= DATA FOR ANALYSIS =
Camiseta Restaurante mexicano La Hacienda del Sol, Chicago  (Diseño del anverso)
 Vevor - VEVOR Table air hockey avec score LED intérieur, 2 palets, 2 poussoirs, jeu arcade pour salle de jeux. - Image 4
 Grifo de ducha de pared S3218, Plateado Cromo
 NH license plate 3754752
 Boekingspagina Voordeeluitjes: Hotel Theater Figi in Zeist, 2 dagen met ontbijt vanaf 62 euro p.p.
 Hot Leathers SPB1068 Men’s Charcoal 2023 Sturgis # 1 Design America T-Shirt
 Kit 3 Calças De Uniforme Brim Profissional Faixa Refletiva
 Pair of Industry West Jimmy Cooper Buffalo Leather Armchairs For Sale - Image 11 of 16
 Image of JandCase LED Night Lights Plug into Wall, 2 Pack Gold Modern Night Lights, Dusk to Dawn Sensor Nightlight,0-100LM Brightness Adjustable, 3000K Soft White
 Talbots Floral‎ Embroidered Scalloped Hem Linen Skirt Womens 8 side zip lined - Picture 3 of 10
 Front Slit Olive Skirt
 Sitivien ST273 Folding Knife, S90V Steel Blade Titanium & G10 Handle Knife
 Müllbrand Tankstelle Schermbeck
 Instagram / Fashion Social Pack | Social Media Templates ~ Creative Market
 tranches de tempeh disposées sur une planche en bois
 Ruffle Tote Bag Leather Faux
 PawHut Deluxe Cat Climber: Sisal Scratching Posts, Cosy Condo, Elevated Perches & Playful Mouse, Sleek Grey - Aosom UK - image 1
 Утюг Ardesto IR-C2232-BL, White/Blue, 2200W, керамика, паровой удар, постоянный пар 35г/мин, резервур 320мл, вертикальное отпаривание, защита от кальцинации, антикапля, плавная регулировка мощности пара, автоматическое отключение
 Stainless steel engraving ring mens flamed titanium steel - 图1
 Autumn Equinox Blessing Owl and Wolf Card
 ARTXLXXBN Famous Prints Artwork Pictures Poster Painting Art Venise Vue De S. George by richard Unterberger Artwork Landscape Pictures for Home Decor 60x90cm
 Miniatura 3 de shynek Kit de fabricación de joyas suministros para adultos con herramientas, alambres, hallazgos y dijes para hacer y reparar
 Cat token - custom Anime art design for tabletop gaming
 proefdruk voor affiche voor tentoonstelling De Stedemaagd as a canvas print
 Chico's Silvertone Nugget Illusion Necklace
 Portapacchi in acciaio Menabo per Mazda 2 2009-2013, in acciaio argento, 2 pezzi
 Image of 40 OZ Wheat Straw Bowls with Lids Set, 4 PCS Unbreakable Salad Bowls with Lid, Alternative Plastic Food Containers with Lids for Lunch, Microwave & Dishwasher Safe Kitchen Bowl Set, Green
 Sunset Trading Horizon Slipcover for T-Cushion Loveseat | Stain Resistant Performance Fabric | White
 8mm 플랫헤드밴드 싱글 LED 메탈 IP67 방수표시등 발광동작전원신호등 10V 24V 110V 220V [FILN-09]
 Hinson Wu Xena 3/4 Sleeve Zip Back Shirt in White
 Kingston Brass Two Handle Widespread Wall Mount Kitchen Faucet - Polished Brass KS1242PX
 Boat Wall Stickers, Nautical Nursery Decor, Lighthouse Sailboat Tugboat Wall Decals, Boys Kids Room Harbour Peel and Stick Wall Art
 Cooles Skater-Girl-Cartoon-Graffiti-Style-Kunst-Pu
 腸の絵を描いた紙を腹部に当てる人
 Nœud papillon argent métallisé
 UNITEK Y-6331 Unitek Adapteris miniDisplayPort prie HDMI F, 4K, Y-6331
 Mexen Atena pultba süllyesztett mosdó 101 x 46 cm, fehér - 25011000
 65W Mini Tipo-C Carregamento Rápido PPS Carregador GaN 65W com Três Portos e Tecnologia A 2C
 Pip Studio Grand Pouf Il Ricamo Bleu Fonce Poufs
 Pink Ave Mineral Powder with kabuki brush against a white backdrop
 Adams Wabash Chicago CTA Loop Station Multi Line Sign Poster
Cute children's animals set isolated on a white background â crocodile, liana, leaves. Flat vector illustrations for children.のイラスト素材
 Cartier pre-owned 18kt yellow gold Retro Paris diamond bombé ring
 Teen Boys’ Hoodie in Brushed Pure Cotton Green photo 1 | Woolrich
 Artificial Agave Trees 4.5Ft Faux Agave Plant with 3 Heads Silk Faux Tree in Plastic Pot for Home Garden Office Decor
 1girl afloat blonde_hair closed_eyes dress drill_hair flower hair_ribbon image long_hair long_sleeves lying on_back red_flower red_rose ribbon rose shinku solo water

= EXERCISE BRIEF =
The reply should consist solely of the lines of the data, exact, from the opening line through the line with "Pair of Industry", inclusive.

= PROBLEM SOLUTION =
Camiseta Restaurante mexicano La Hacienda del Sol, Chicago  (Diseño del anverso)
 Vevor - VEVOR Table air hockey avec score LED intérieur, 2 palets, 2 poussoirs, jeu arcade pour salle de jeux. - Image 4
 Grifo de ducha de pared S3218, Plateado Cromo
 NH license plate 3754752
 Boekingspagina Voordeeluitjes: Hotel Theater Figi in Zeist, 2 dagen met ontbijt vanaf 62 euro p.p.
 Hot Leathers SPB1068 Men’s Charcoal 2023 Sturgis # 1 Design America T-Shirt
 Kit 3 Calças De Uniforme Brim Profissional Faixa Refletiva
 Pair of Industry West Jimmy Cooper Buffalo Leather Armchairs For Sale - Image 11 of 16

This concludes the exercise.